Latency is CPU latency, and cold starts are real. For request-driven, bursty inference, warm CPU latency on a small model is perfectly reasonable and the load-once pattern keeps it consistent. But if you need single-digit-millisecond p99 at high, sustained QPS, a dedicated always-on server sized for that load will beat an on-demand function that occasionally cold-starts. Do not promise yourself GPU numbers or zero cold starts; neither exists here.

No durable orchestration. Long or multi-stage scoring belongs in background pipeline steps (each capped at 15 minutes), not in a durable workflow engine — treat inference as a stateless call, keep handlers idempotent, and chain steps when the work outgrows a single request.

Where it does fit is a large and common space: a trained model you want behind an authenticated HTTP route, driven by spiky or low-volume traffic, where paying for an always-on GPU or an idle container is pure waste. For that shape of workload, model inference serverless on CPU is not a compromise — it is the right amount of infrastructure.

Takeaway

Serverless ml inference on Inquir is deliberately unglamorous, and that is the point. You run a trained model on container-backed Python 3.12 on glibc, so onnxruntime and scikit-learn install from their manylinux wheels the way they do everywhere else. You attach those libraries as a layer instead of bundling them per deploy, ship the .onnx model inside the function next to the handler, and build the InferenceSession once at module scope so cold starts pay the load and warm containers reuse it. You budget inside 256MB (up to 2GB) of memory and a 5-second-to-15-minute timeout, push bulk scoring into a pipeline step, and you watch cold-vs-warm latency in the run history instead of guessing.

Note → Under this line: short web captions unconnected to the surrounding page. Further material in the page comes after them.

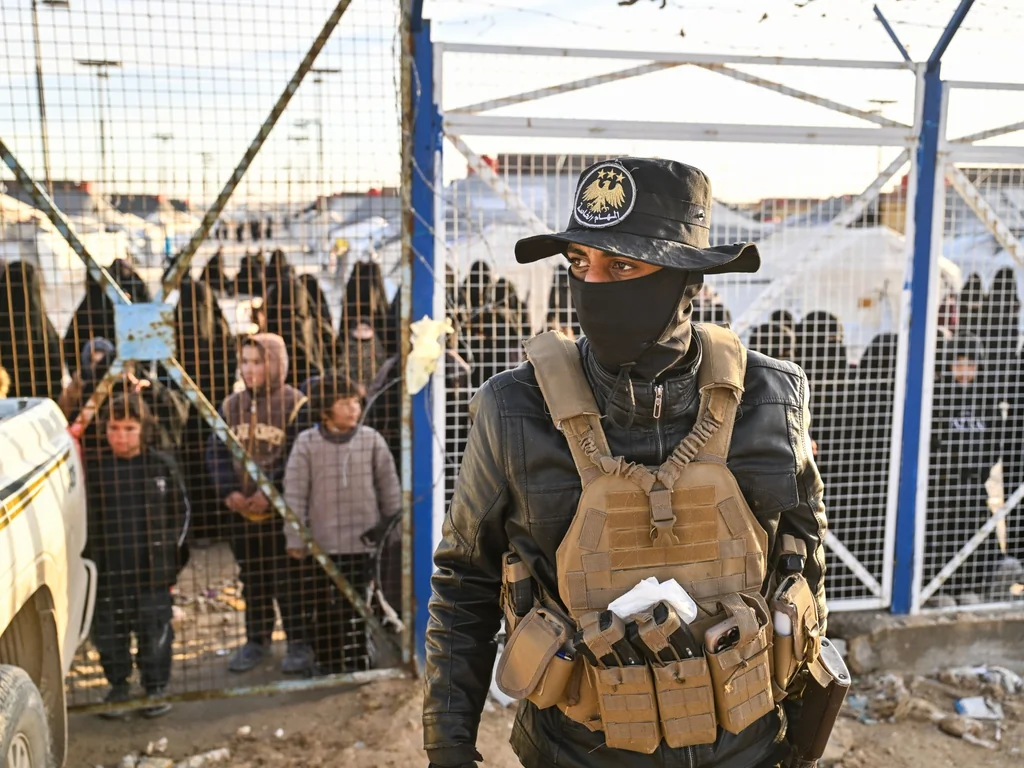 Syrie : déploiement à Hassaké et rôle reconnu de Damas par l'UE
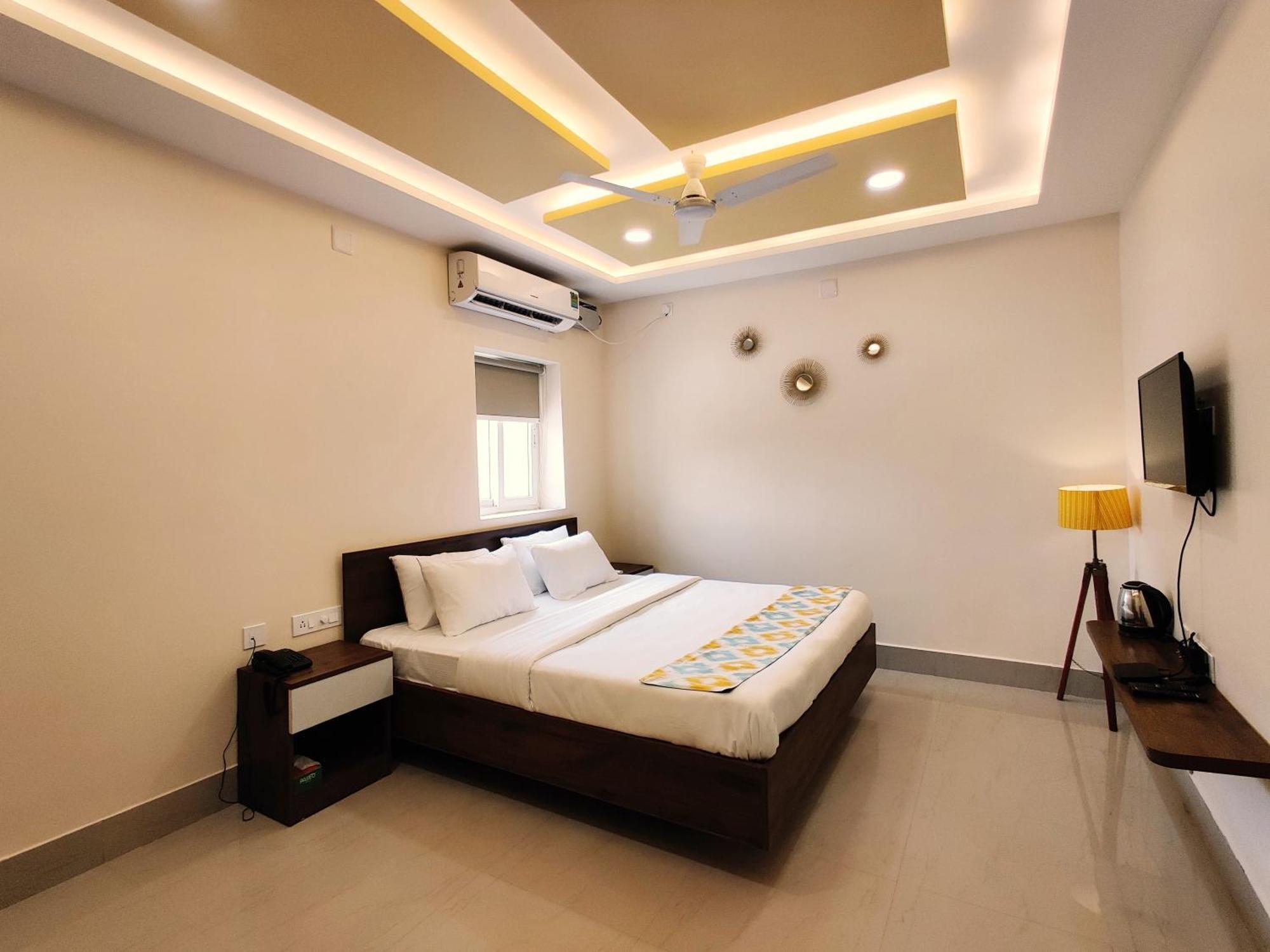 131,The Nook Hotel Bhubaneswar Bagian luar foto
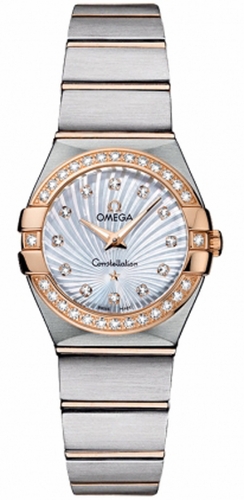 Omega Constellation Quartz
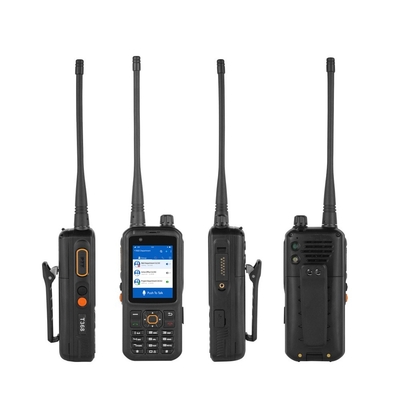 اينريکو T368 POC 4G GPS موقعيت گيري واي فاي،BT،NFC دوربين جلوي 2MP، دوربين عقب 13MP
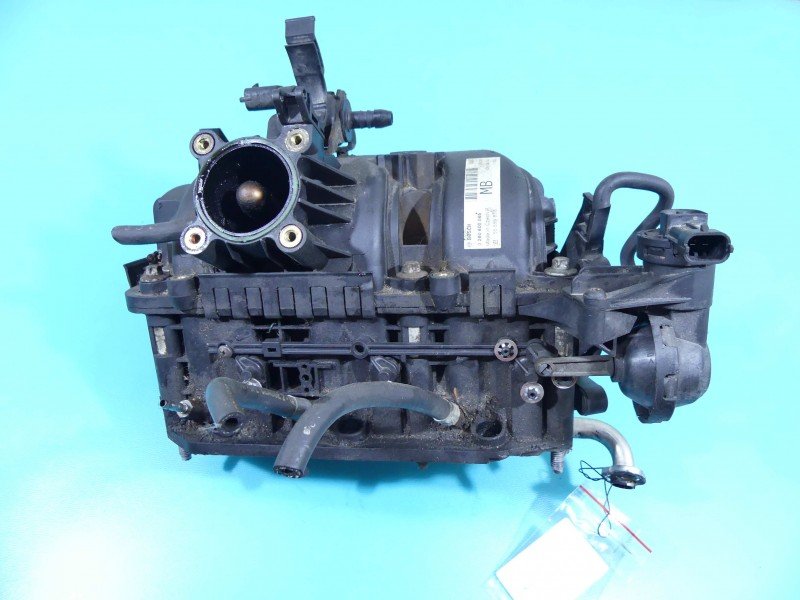 Kolektor ssący Opel Corsa C 1928498092, 0280600065, 55559833 1.0 12v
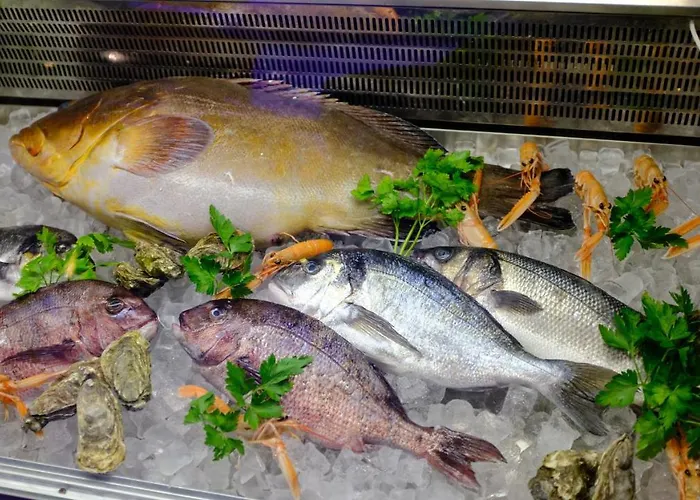 Mercurio Sul Mare - Fish Restaurant And Private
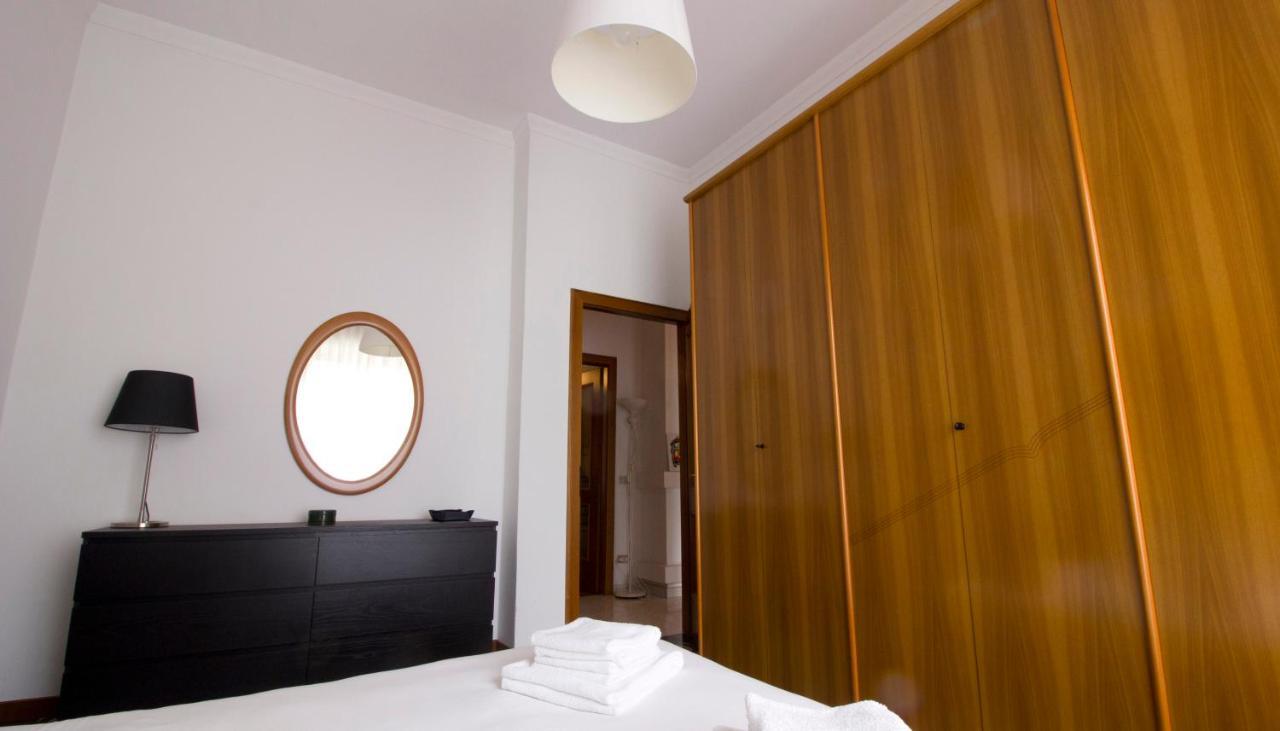 Italianway-Juvara Milão Exterior foto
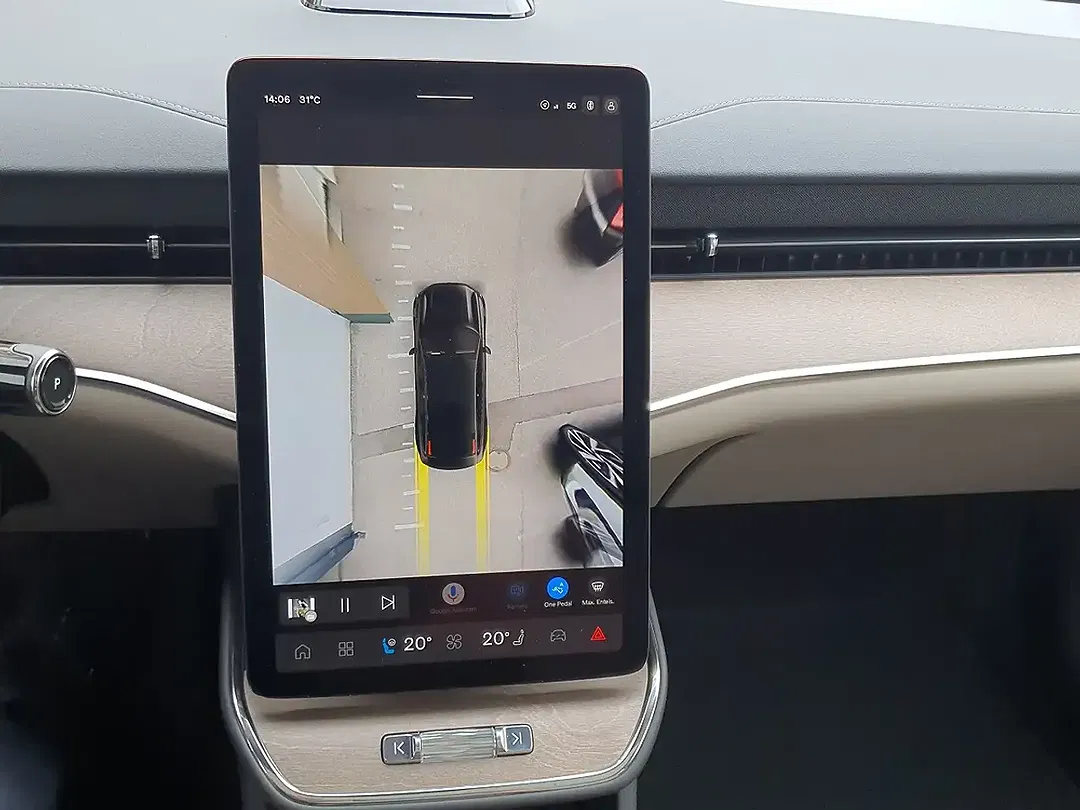 Volvo ES90 AWD Performance Ultra - Thumbnail 13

And you stay honest about the edges: cpu inference only, no GPU, model size capped by memory, cold starts real but bounded by warm pools. For a small-to-medium onnx serverless model serving bursty traffic behind an authenticated route, that trade is excellent — on-demand python serverless ml with no server to babysit, and nothing to pay while nothing is calling. Export a model to ONNX, attach onnxruntime as a layer, load it once, and put it behind a route.